Return the lines below in which the string "Pattern" occurs.

* Web page caption snippets:
---

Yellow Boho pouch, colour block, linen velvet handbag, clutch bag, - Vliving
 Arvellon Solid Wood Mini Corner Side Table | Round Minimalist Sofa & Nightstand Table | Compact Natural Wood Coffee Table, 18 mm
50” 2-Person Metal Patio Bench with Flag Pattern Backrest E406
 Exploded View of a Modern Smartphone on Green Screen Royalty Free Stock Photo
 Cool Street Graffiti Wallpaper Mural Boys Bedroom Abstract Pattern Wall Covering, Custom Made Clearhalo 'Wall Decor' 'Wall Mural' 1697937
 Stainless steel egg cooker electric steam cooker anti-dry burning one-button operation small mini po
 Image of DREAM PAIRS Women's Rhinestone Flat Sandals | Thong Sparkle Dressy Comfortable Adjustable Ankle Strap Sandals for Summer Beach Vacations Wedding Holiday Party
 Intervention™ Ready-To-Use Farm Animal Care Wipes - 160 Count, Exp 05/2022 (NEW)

---

* Solution for this problem:
50” 2-Person Metal Patio Bench with Flag Pattern Backrest E406
 Cool Street Graffiti Wallpaper Mural Boys Bedroom Abstract Pattern Wall Covering, Custom Made Clearhalo 'Wall Decor' 'Wall Mural' 1697937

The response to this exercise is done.